How to prepare your association for digital transformation
Except for a few brave explorers, no one heads willingly and cheerfully into the unknown, especially if it’s complex and confusing. To get people on board the digital transformation train, you must enlighten and educate them—and that’s right up your alley.
A shift in mindset is required, and it must start at the top. Many leaders aren’t fully fluent in ‘digital.’ They’re not informed about digital’s existing or eventual impact on your association, programs, and market. Leaders must understand the extent to which digital is already disrupting business as usual, changing how people access information and education, and favoring new competitors.
You’ll have to educate leaders about relevant digital trends and technologies, and new players in the market. Consider bringing in industry experts for lunch and learns. Start conversations that get people to think differently about your programs and marketplace:
• “How can we make it easier for people to…”

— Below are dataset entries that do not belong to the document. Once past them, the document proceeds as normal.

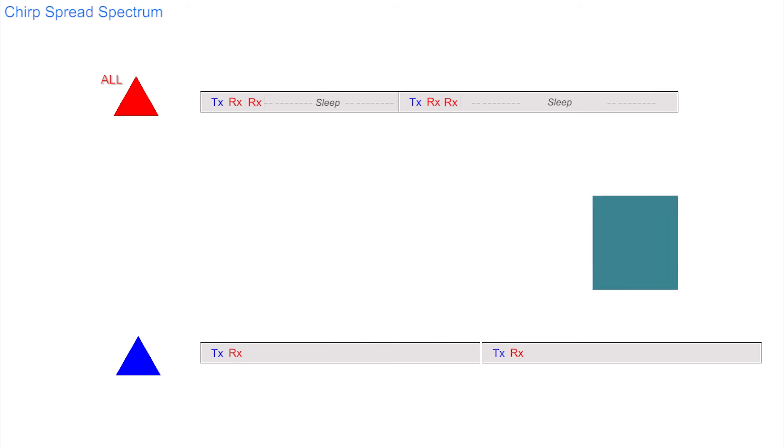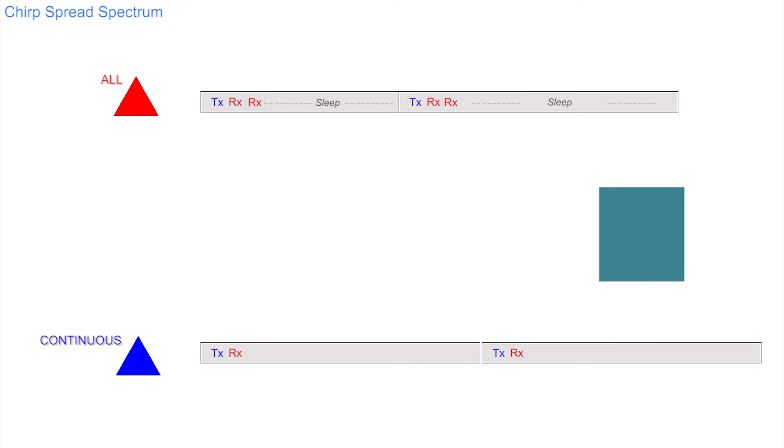As a mnemonic, we can let C stand for continuous. They do not fall to sleep and only stop receiving when they are transmitting.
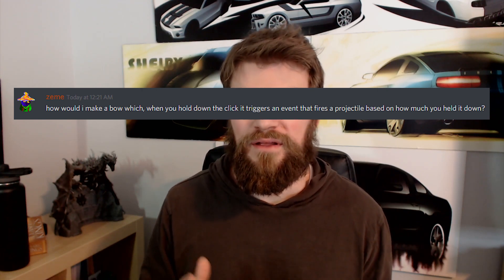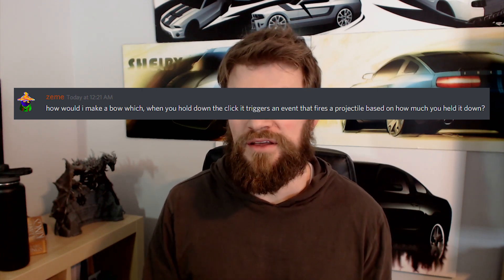Welcome back to Infogamer. This video is a response to a comment I received over our Discord server. The comment was from Zimi, and they asked: how would I make a bow which, when you hold down the click, triggers an event that fires a projectile based on how much you held it down? This is a really great question, and it segues me into a type of video I've been wanting to make for quite some time. I've been wanting to take footage of popular video games showing specific game mechanics, break down that footage, and explain exactly how they're probably getting that mechanic to work. And probably one of the best examples of a popular video game with a very good bow mechanic is Overwatch and Hanzo.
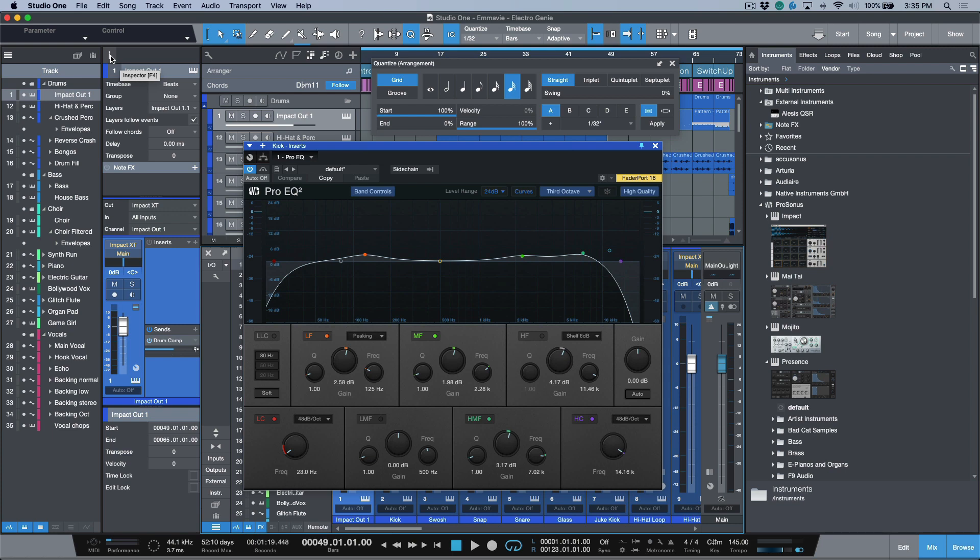All of these functions are useful at certain times, and maybe you're working in a circumstance where you want to have all of this stuff open, but what happens when you want to immediately declutter your entire screen?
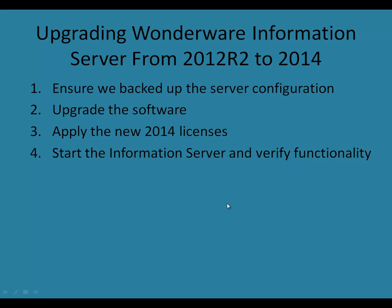Hello and welcome to the fifth video in a series on upgrading Wonderware System Platform from versions 2012 and 2012 R2 to version 2014. This video will focus on upgrading the Wonderware Information Server.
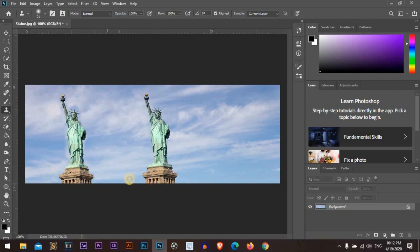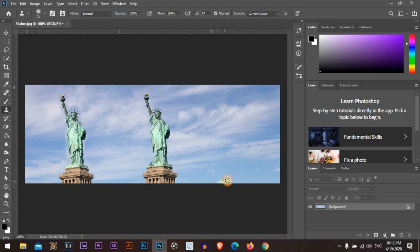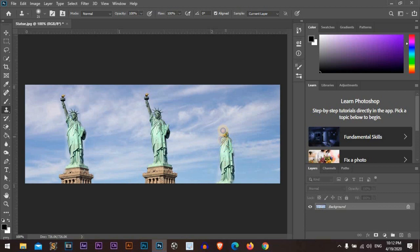You can even start from any place you need, just by sampling by holding Alt or Option and start drawing. Just easy like that.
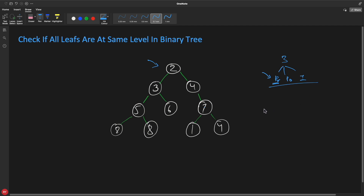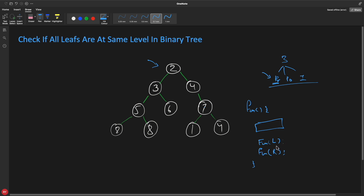In pre-order traversal, you have a function where you do your job first at that node, then call yourself with left, and then with right. You do the checking at this location before actually going for the left or right of that particular node. So if you are at a node, you go left first exploring the whole subtree, come back, and then go right. This is a standard recursion.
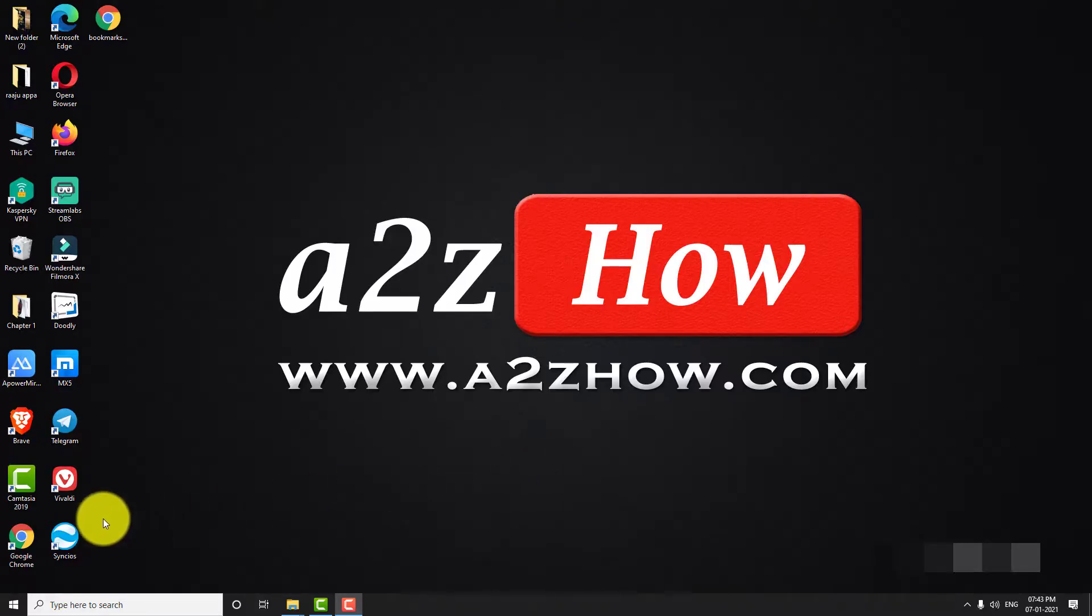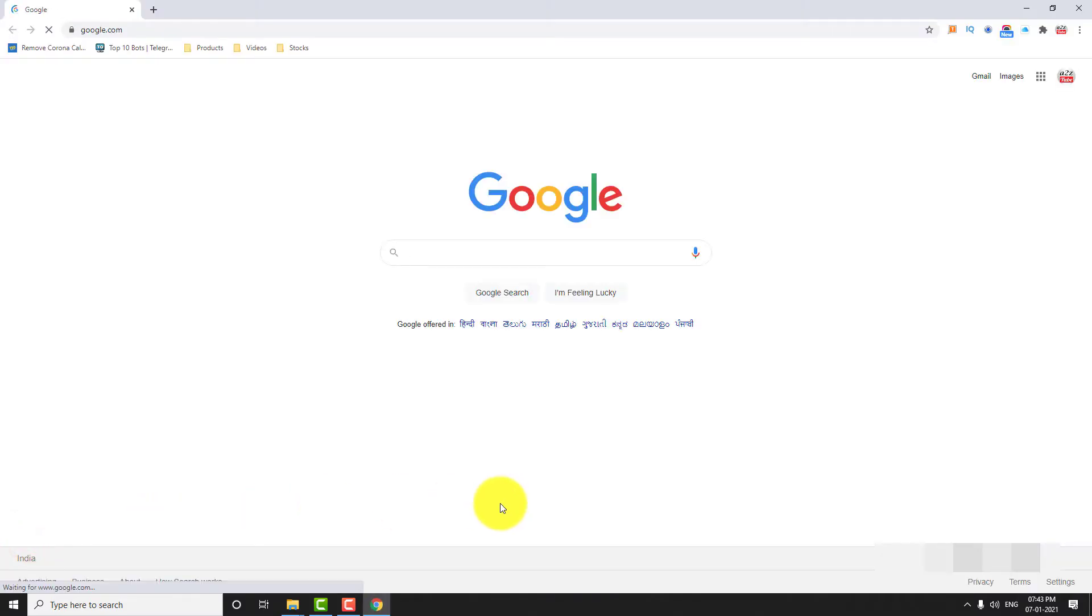Open Google Chrome browser on your computer. Click on the three-dot icon located at the top right corner of the page.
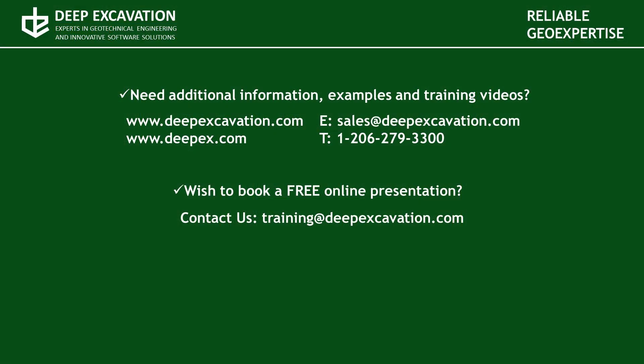Visit our websites in order to receive more information about our software programs and services. If you wish to arrange a free online presentation with one of our technical experts feel free to contact us. Thank you for watching this video.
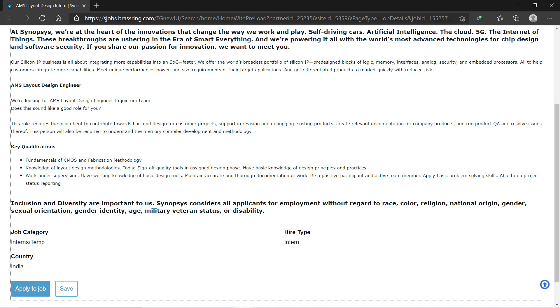So what is the skill set you need to get this internship? First thing is you should have good fundamentals of CMOS and fabrication methodology. If you have worked on some projects in VLSI, then it is well and good. If you have already learned about VLSI like layout designing, CMOS designing, these all things, then this job is for you guys.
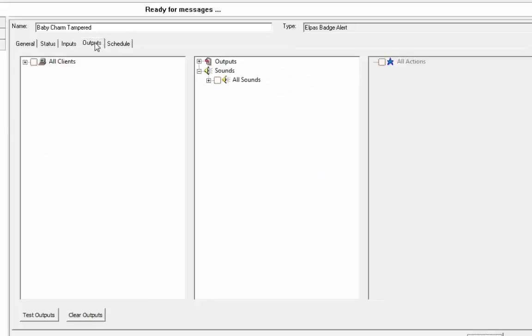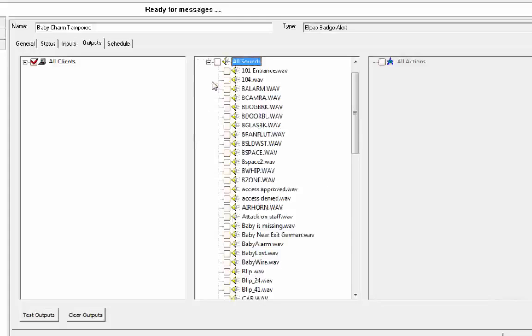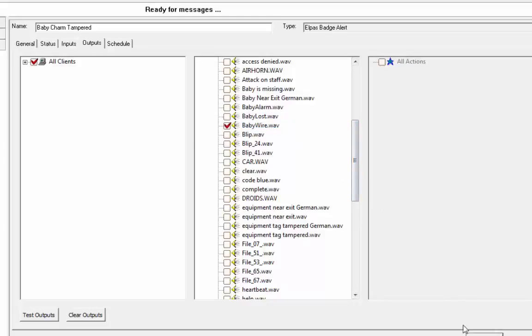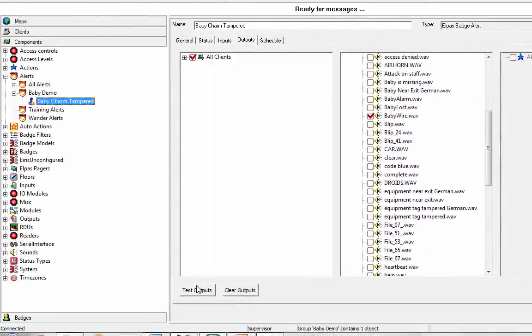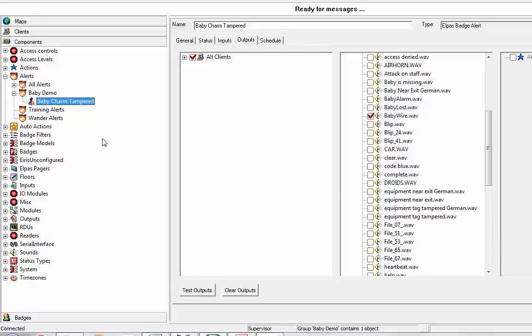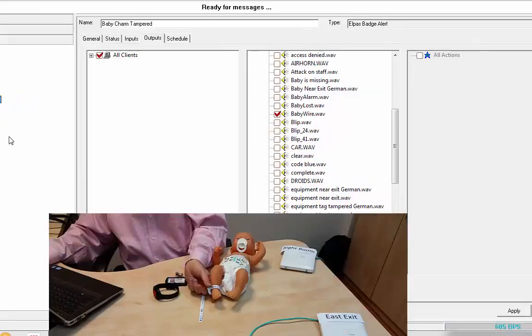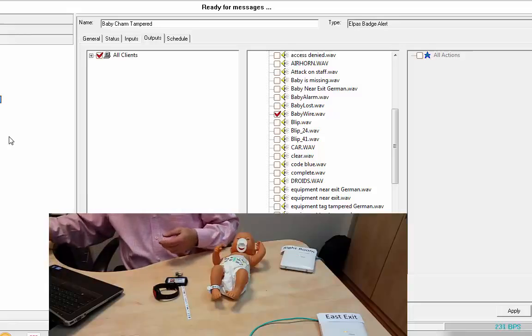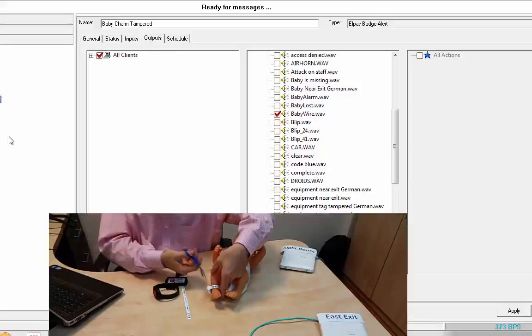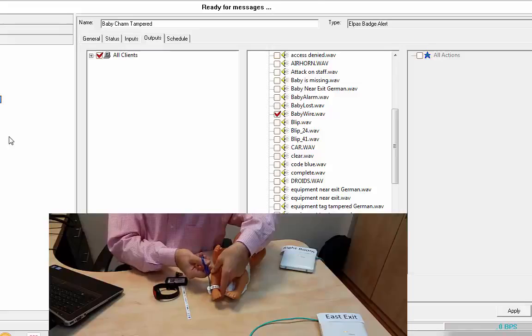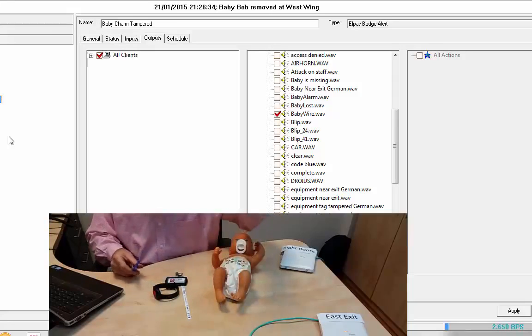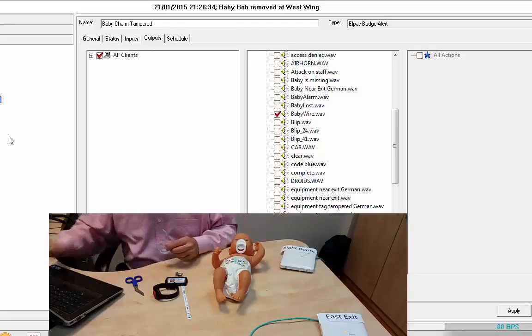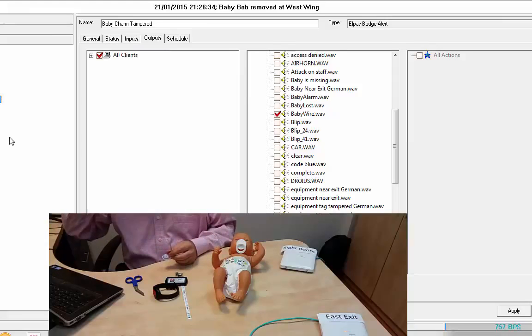We're going to automatically clear that after 30 seconds, just for our own housekeeping. On the outputs, we're going to do all clients, so do we see it on our client machine? And for the sound, we're going to give it baby wire, which happens to be a pre-recorded sound. I can test my outputs, and I get that baby tag tampered alert. So essentially if I cut the band here, I'm going to get that alarm. Might as well do it. We'll do it again with the Wander patient. I tag it. Baby tag tampered. There we go. So I cut the band, and I got the alarm.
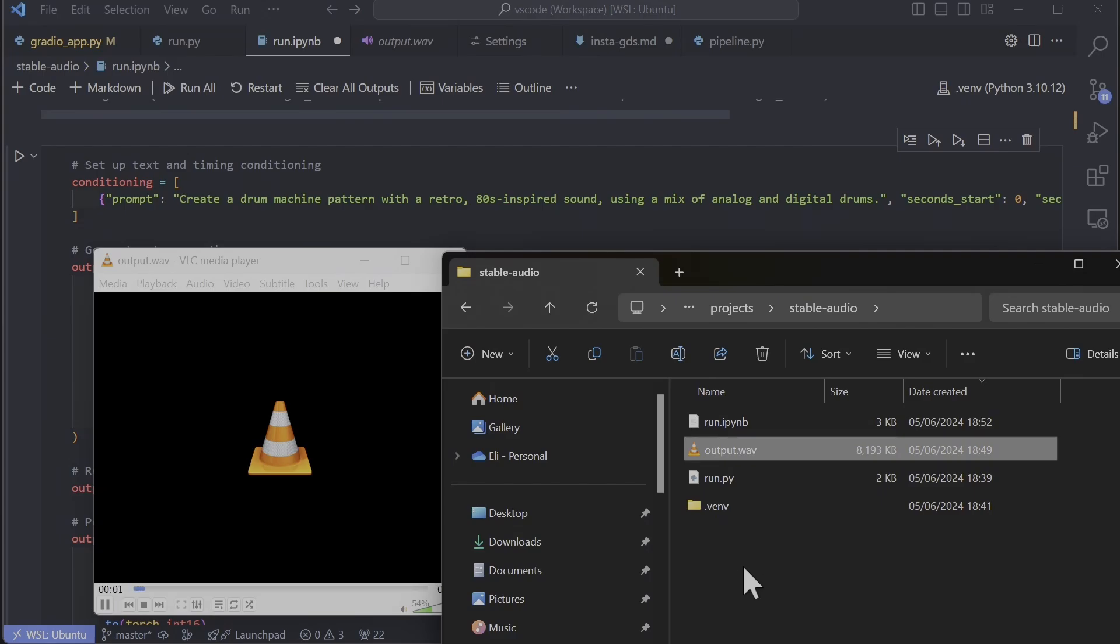This is drum machine pattern rhythm retro-inspired sound using a mix of analog and digital drums.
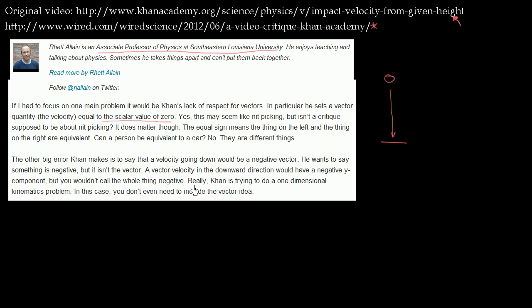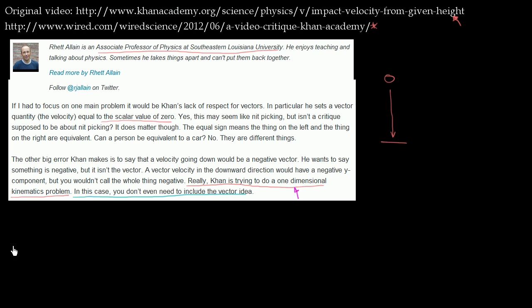Really, Khan is trying to do a one-dimensional kinematics problem. In this case, you don't need to include the vector idea. The one part of this that I do agree with is that we were trying to do a one-dimensional kinematics problem, and in this situation that one dimension is the vertical dimension, the up-down dimension. But in order to understand why the second part is very, very wrong, we need to go back to a definition of what a vector is.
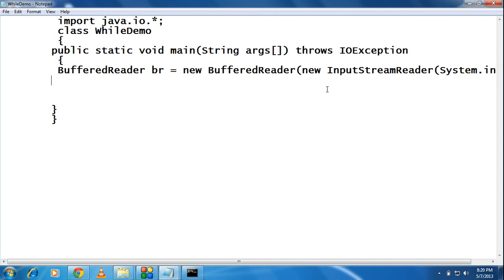Welcome back to Korjava tutorial. In this part we are going to learn how to write a complete example using a while loop. We demonstrate the working of a while loop with a complete example. This example shows how to create a multiplication table of a number using a while loop.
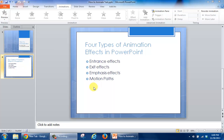In this particular tutorial, you're going to learn how to animate text inside of PowerPoint. The first thing you're going to notice is that I have my presentation already created, and I want to animate this text.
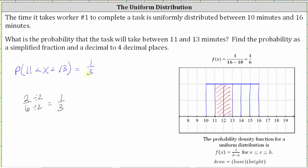The other way to find the red area would be to find the area of the rectangle by determining the base times the height. To find the height, we determine the probability density function, which is f(x) equals one divided by the quantity b minus a, where b is the maximum value of 16 and a is the minimum value of 10, giving us f(x) equals 1 sixth. So the height is 1 sixth, and the base is equal to 13 minus 11, which equals two.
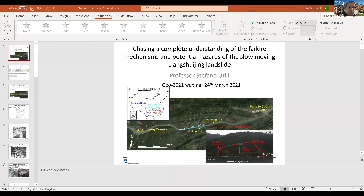In this work I'm going to present an analysis of a big landslide located in the Three Gorges area, which is a very large reservoir along the Yangtze River in China.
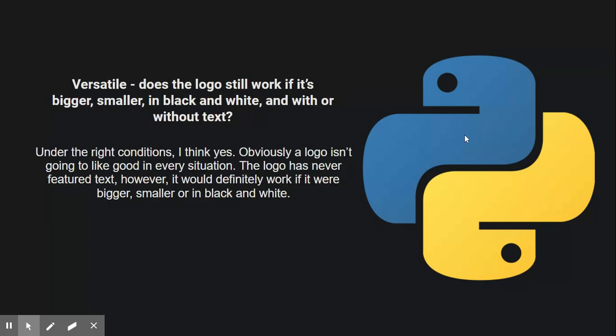As for versatility, yeah, it works on almost anything. You can actually get shirts for it, mugs, pants. There's all that stuff out there. It works in black and white. I actually put it in Photoshop - it looks really good. Yeah, it works in every situation.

• “How does our business model change if people…”
• “What does <product/service> mean in the context of <disrupter>?”
Expect resistance. It’s a natural and understandable by-product of fear. If your association begins to take risks, build new lines of business, and shift resources away from legacy programs, some people will perceive threats (real or imaginary) to their budgets and jobs.
In times of change, communication and transparency are musts. Keep everyone in the loop. Create the right conditions for cross-functional or -departmental collaboration. Provide support—best practices, forums for discussion, and professional development opportunities. Help staff build the skills and knowledge they need to build their confidence.
Staff (at all levels) must be committed to the work required for digital transformation. An experimental mindset and understanding of marketplace trends and issues is required. If they’re not willing to change, even after education, they may not be the right people to bring your association into the future.
When people realize the need for change, they often think technology is the solution and fall victim to the ‘shiny object’ syndrome. Technology is an enabler, but not a solution. Beware making poor technology choices without understanding your real requirements. Don’t try to implement new technology on top of a shaky foundation. Take the time to assess and change existing inefficient practices and processes.
Digital transformation is the only way for an association to fulfill its mission. It’s an opportunity to continually ensure your association is leveraging its people, processes, and technology to deliver the value your members and customers seek.